Universities and halls of residence have a higher than normal risk of fire. With 80% of students admitting to regularly taking part in activities that risk fire in their accommodation*. One element of fire safety that often seems to be considered as more of a hindrance than help, are fire doors.
Fire doors are a vital part of fire safety, especially for places of multiple occupancy. They compartmentalise a room by trapping a fire for 30-60 minutes. This allows more time for the fire service to reach the fire and extinguish it before it spreads through the whole building. If the fire doors in university halls are wedged open, a fire will spread extremely quickly, putting lives at risk and causing damage to housing.
So why do students wedge open fire doors?

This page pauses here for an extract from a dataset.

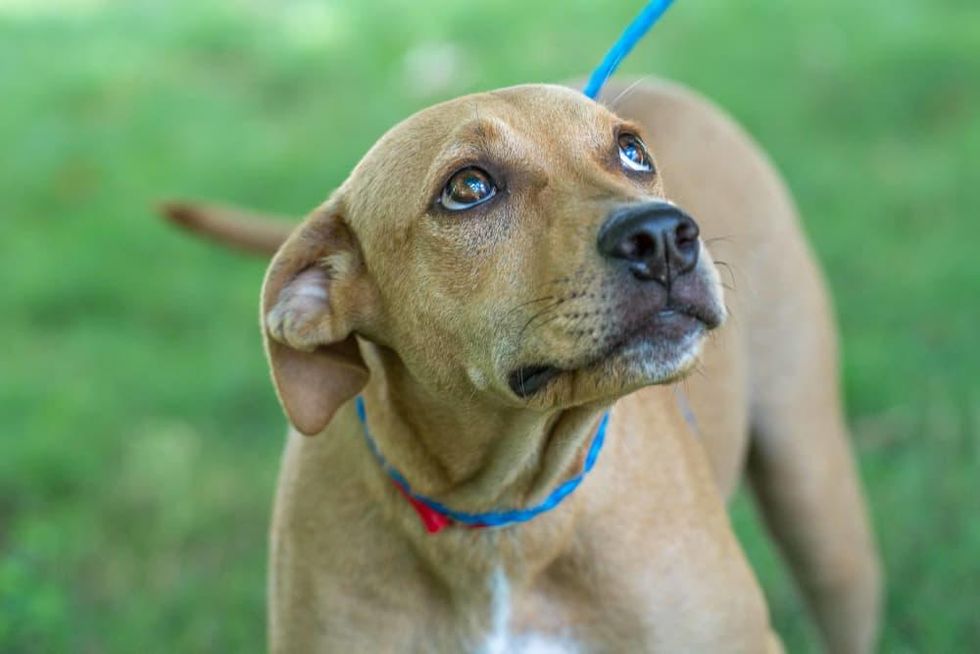 Pet of the week - Zaina retriever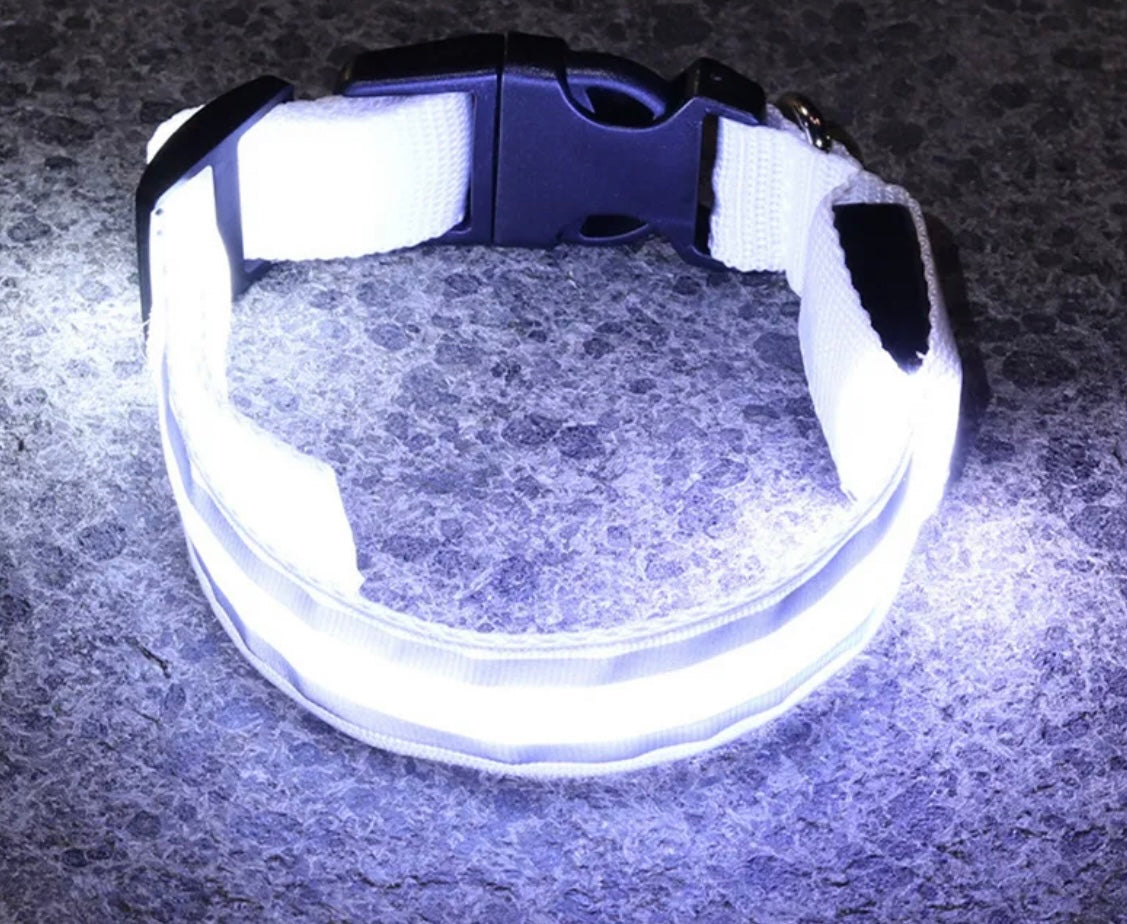 Poochly Glow™ בלבן – קולר לד לכלב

Social reasons- Students have left home for the first time and will want to meet as many people as possible, especially the ones in their living area. An ‘open door policy’ may be applied so that they seem more welcoming to new friends. If every door in their flat is going to close automatically, the students will wedge them open.
Practical purposes- Especially on moving in day, students will want ease of access to their room in order to move everything in. Some fire officers will allow a temporary wedging to help with this. However, students may feel this to be more convenient than their door being closed, so are likely to continue using a wedge.
To reduce noise- There is a lot of human traffic going through university halls, meaning that the fire doors will be closing regularly. Fire doors are very heavy and some door closers cause them to slam shut. Consequently, leading to students wedging them open to minimise noise.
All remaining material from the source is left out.